About this task = Write out exactly the lines from the one containing "this 640×427 image." through the last line of the records below, both included, and leave out any pictures.

Given data =
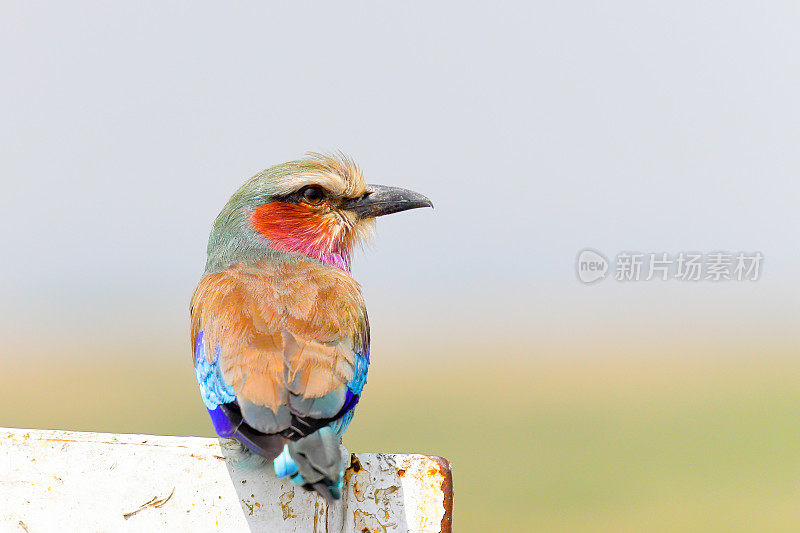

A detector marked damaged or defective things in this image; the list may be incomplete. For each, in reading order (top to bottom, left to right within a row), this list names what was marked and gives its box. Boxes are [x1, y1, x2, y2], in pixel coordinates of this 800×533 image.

peeling white paint [0, 428, 450, 532]
rust stain [280, 488, 296, 516]
rusty metal edge [424, 454, 450, 532]
rust stain [424, 454, 450, 532]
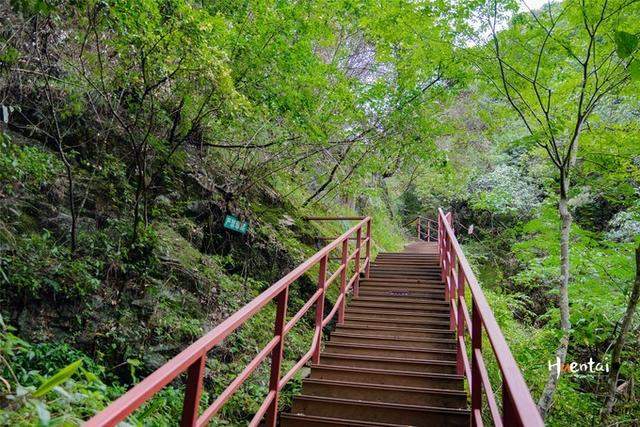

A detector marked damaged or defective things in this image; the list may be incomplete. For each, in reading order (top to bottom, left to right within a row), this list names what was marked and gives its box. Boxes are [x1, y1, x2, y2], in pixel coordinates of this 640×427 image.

rusty metal step [344, 314, 450, 332]
rusty metal step [308, 364, 462, 392]
rusty metal step [318, 354, 456, 374]
rusty metal step [324, 342, 456, 362]
rusty metal step [300, 380, 464, 410]
rusty metal step [292, 396, 470, 426]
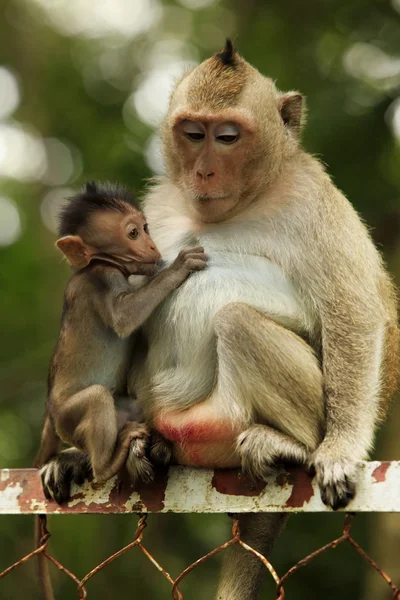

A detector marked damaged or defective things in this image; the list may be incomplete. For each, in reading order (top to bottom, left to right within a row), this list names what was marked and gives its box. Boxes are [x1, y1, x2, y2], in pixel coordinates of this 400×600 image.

rusted metal beam [0, 462, 400, 512]
rusty wire mesh [0, 510, 398, 600]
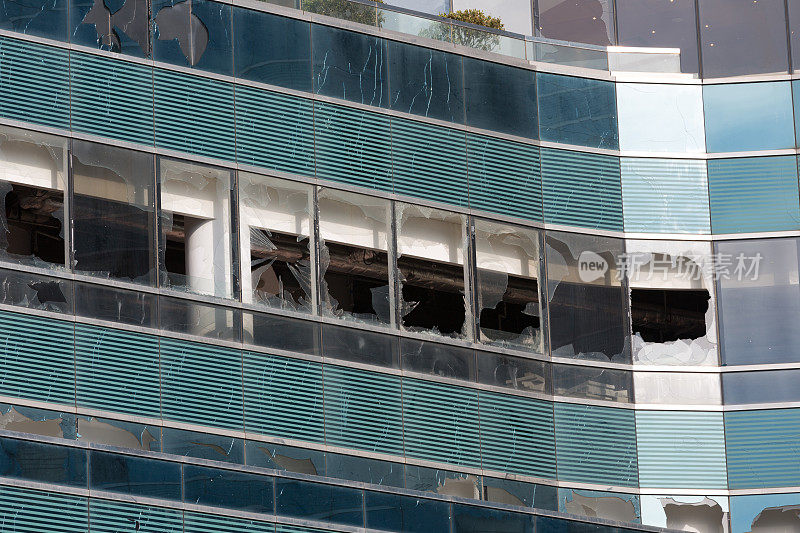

Result =
A detector marked damaged or defective things in this image; the list may be incomplete. For each, in reading order (top to bottom, left to right within a row), this list names what was marked and gives its box. Boxes are [x1, y1, x2, y2], in pixel coordinates of this 640×427 image.

rusty metal step [344, 314, 450, 332]
rusty metal step [308, 364, 462, 392]
rusty metal step [318, 354, 456, 374]
rusty metal step [324, 342, 456, 362]
rusty metal step [300, 380, 464, 410]
rusty metal step [292, 396, 470, 426]

A detector marked damaged or defective things in this image; the list may be incomplete. For each, in reading order (top to bottom, left to right within a row), this list names what was marked and gives its box. Boxes are [x1, y1, x2, y2], in pixel coordinates of this 400×600 image.

rusted metal beam [0, 462, 400, 512]
rusty wire mesh [0, 510, 398, 600]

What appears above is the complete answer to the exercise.